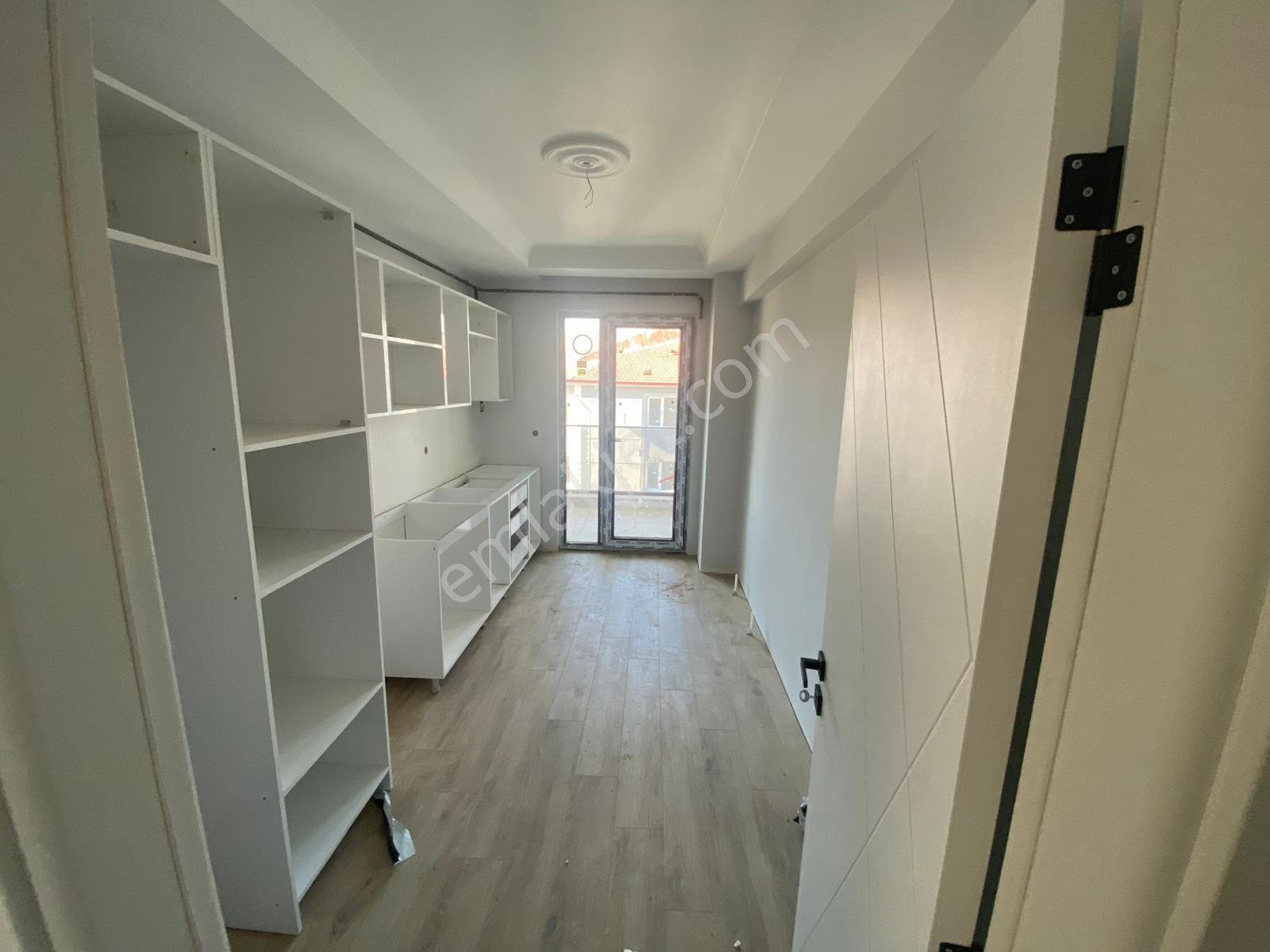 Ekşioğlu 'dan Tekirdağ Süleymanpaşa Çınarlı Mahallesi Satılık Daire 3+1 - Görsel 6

┄┄┄┄┄┄┄┄┄┄

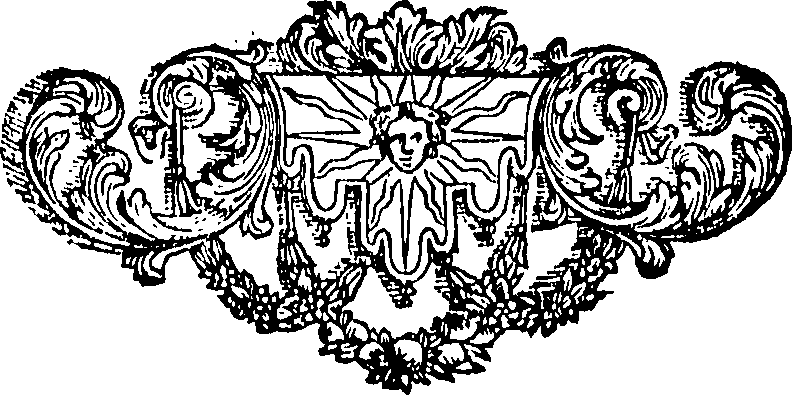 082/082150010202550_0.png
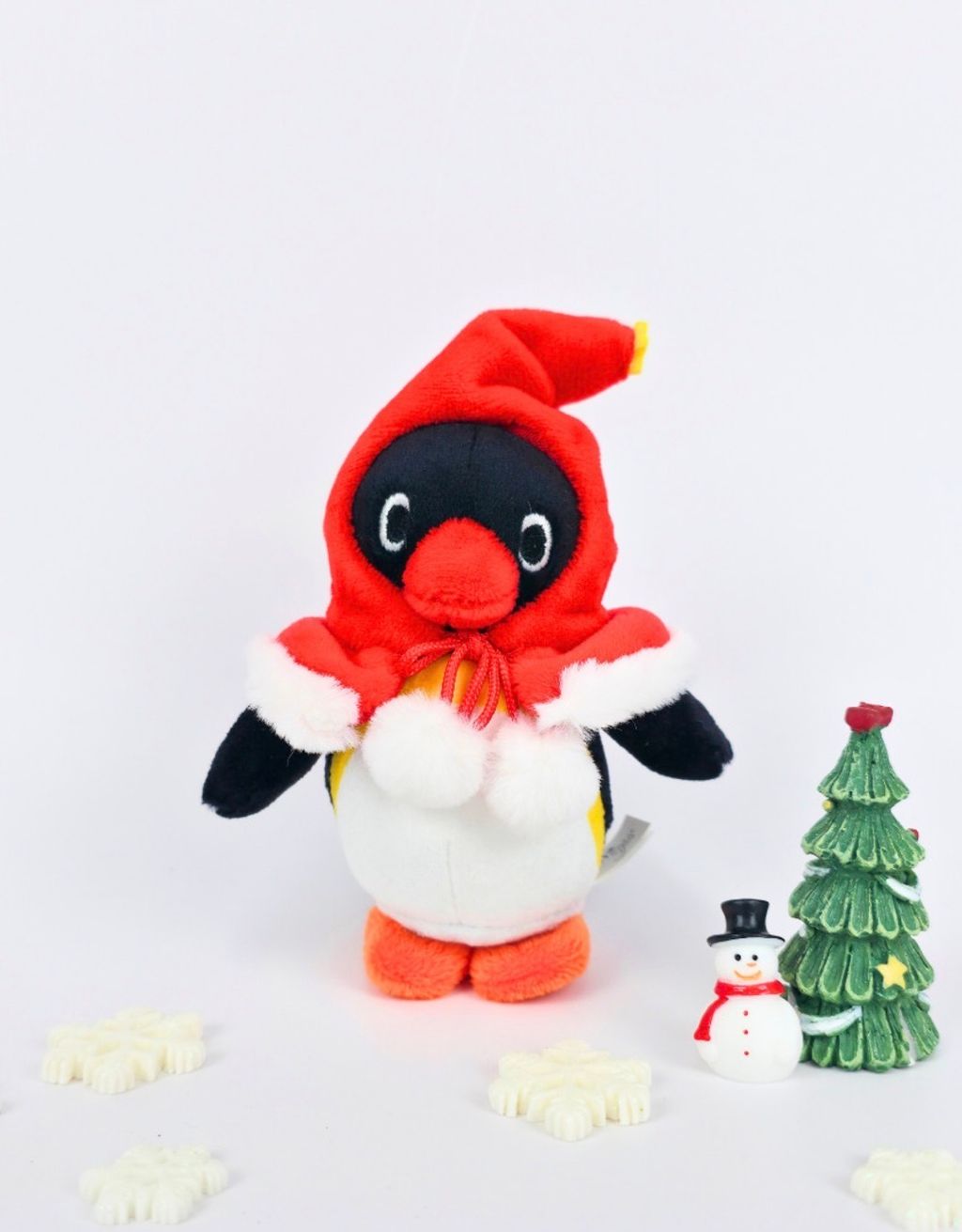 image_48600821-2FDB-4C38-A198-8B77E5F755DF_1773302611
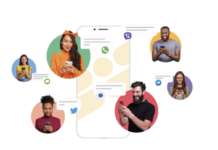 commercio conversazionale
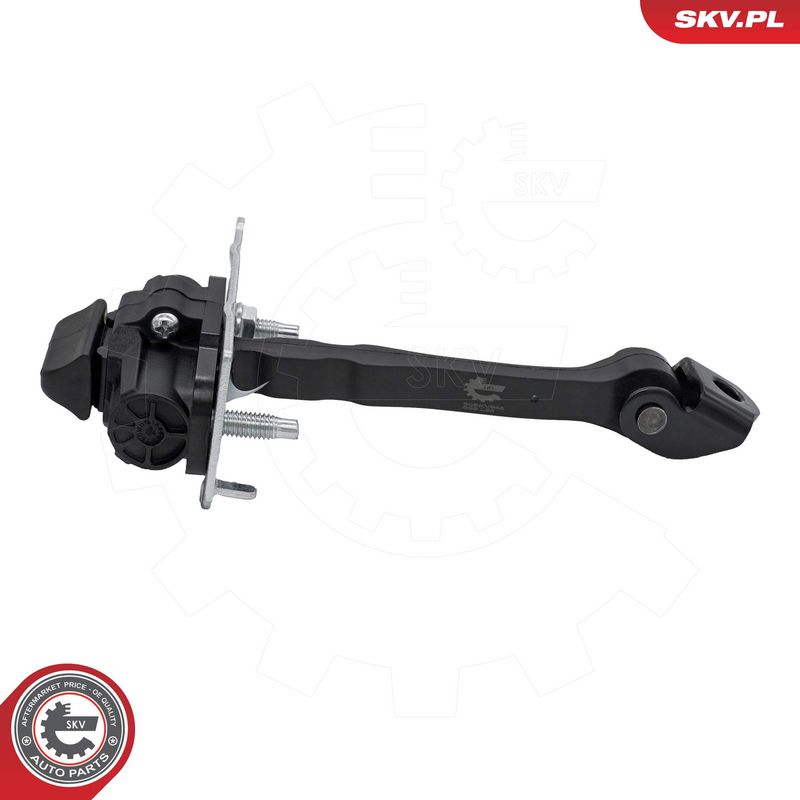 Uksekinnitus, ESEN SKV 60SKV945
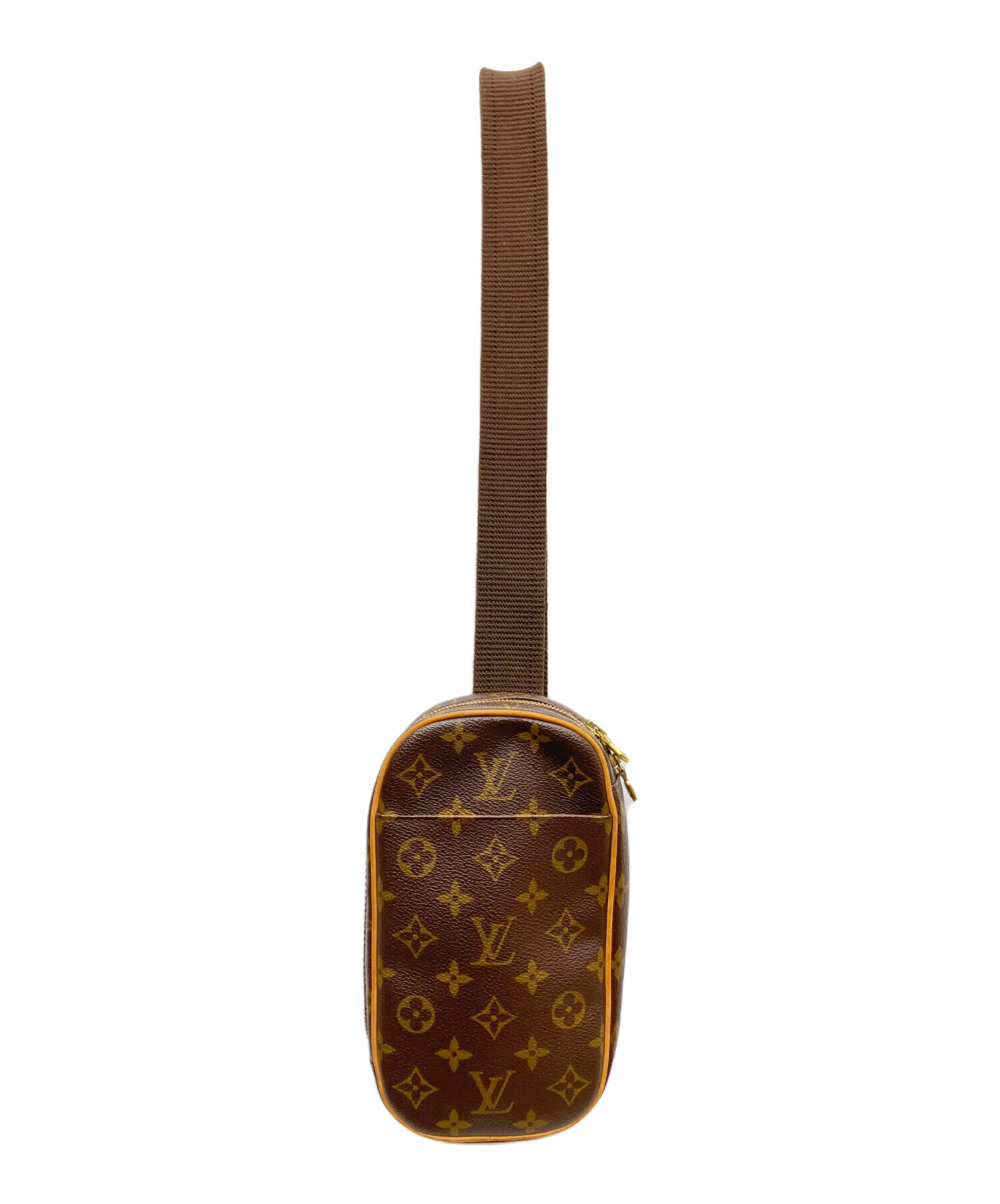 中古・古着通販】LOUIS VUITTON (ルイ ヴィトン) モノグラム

┄┄┄┄┄┄┄┄┄┄

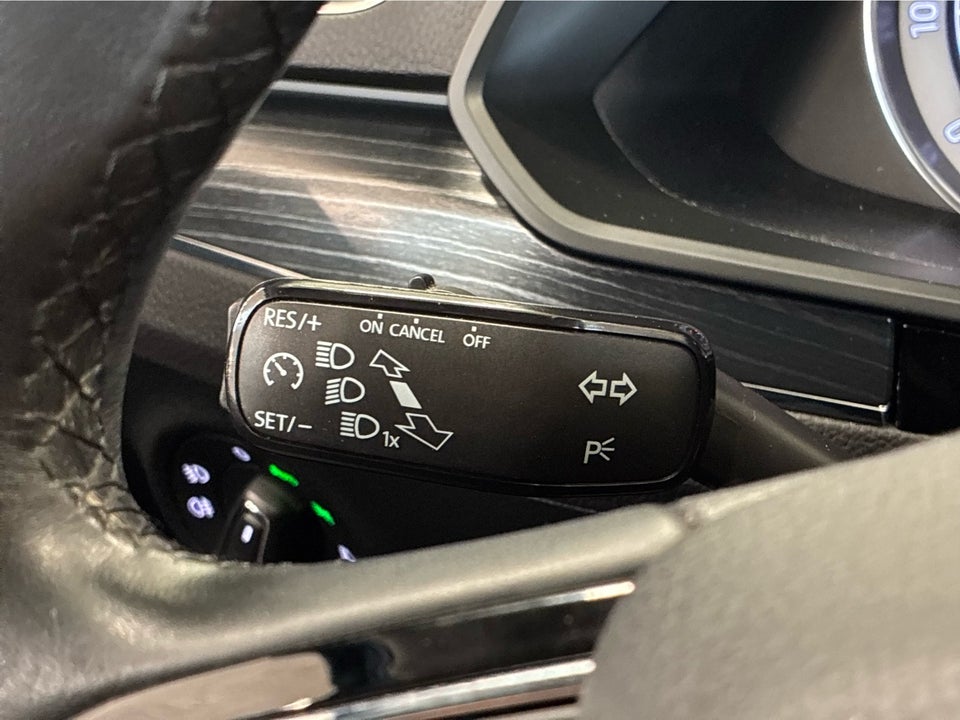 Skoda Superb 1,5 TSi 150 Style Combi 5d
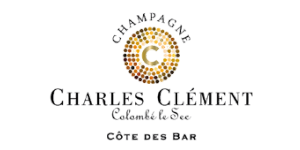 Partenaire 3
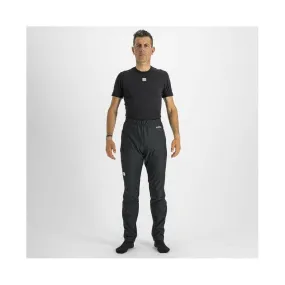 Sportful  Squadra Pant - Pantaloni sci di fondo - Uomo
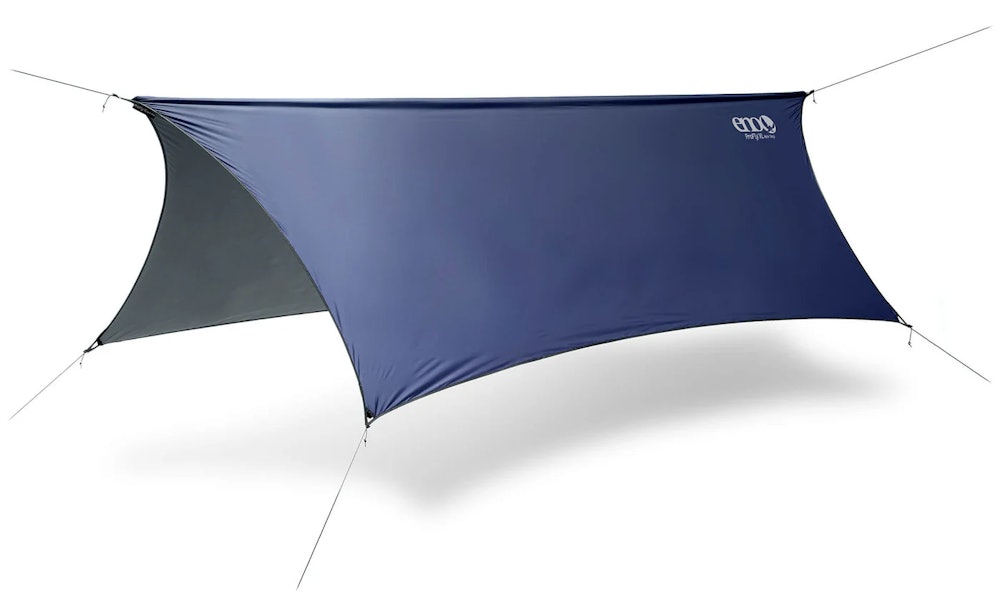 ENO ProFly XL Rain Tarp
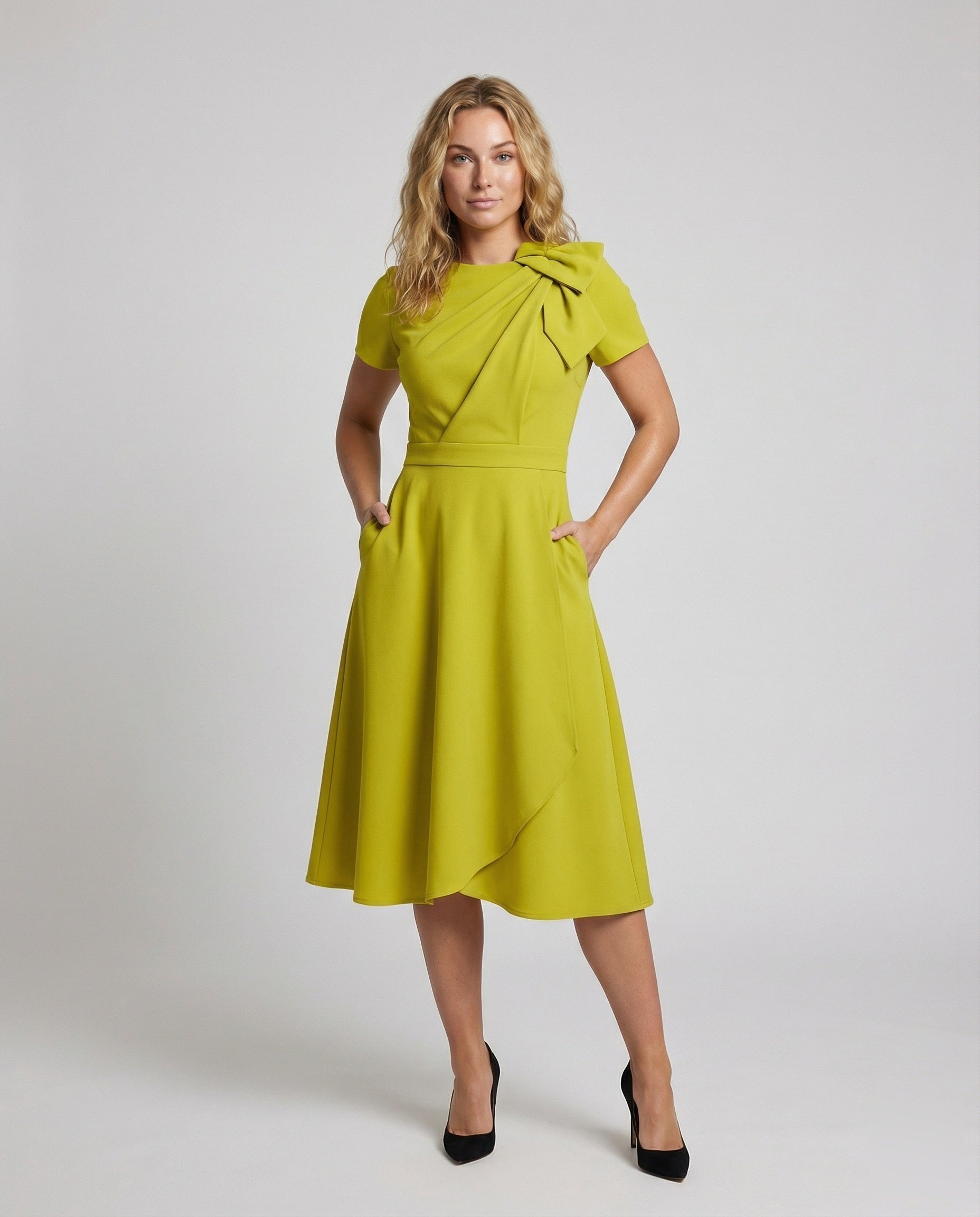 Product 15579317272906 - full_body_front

┄┄┄┄┄┄┄┄┄┄

> _Problem to solve_
Could you repeat, exactly, only the lines above starting at the one that has "fondo - Uomo" and stopping after the one that has "Product 15579317272906 - full_body_front", without the pictures?

> _Task solution_
 Sportful  Squadra Pant - Pantaloni sci di fondo - Uomo
 ENO ProFly XL Rain Tarp
 Product 15579317272906 - full_body_front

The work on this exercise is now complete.